Seit 2018 ist Monika Keltanoski Mitglied im Arbeiter:innen-Betriebsrat. Es sind sehr unterschiedliche Fragen, mit denen sich die Beschäftigten in der Werkshalle an sie wenden. Gut vernetzt und mit Wissen ausgestattet, weiß die Betriebsrätin meist Rat. Ihr Know-how hat sie sich in Kursen der Gewerkschaft PRO-GE und in der Sozialakademie von AK und VÖGB erarbeitet.

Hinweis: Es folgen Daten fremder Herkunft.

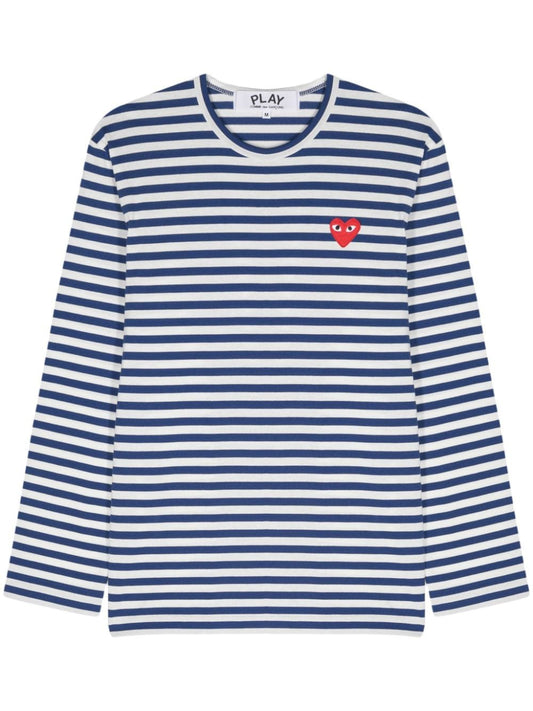 Red heart striped t-shirt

Was sie zur Betriebsratsarbeit führte? „Mir hat imponiert, wie mir eine Betriebsrätin geholfen hat, als ich nach der Geburt meiner Tochter Elternteilzeit beantragen wollte.“ Der Antrieb seither: „Ich will auch anderen, die sich nicht so gut auskennen und nicht so gut Deutsch sprechen, helfen.“
Betriebsrät:innen mit Migrationshintergrund agieren oft als Brückenbauer:innen für eine Belegschaft, die selbst immer diverser zusammengesetzt ist. Doch viele Betriebsratsteams bilden die Diversität in ihrem Gremium noch nicht ausreichend ab. Gerade 14 Prozent der Betriebsrät:innen haben Migrationshintergrund, zeigt die Mitbestimmungsstudie von IFES im Auftrag von AK und ÖGB. Seit 2006 dürfen Arbeitnehmer:innen mit nicht-österreichischer Staatsbürgerschaft für den Betriebsrat kandidieren.

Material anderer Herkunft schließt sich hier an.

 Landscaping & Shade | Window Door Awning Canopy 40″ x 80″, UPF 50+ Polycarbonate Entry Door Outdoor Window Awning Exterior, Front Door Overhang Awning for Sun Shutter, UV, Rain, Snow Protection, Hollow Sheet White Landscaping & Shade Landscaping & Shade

Doch Beschäftigte mit Migrationshintergrund haben es meist schwerer, ihren Job mit einem Engagement im Betriebsrat und dem Privatleben zu vereinbaren. Sie verfügen im Schnitt über ein geringeres Haushaltseinkommen, arbeiten häufiger auf unteren Hierarchieebenen und in instabilen Arbeitsverhältnissen. Die schlechtere Positionierung lässt sich nur teilweise auf unterschiedliche Bildungsabschlüsse zurückführen. Auch die Diskriminierung auf verschiedenen Ebenen des Arbeitsmarktes ist – trotz gesetzlichen Verbots – Realität.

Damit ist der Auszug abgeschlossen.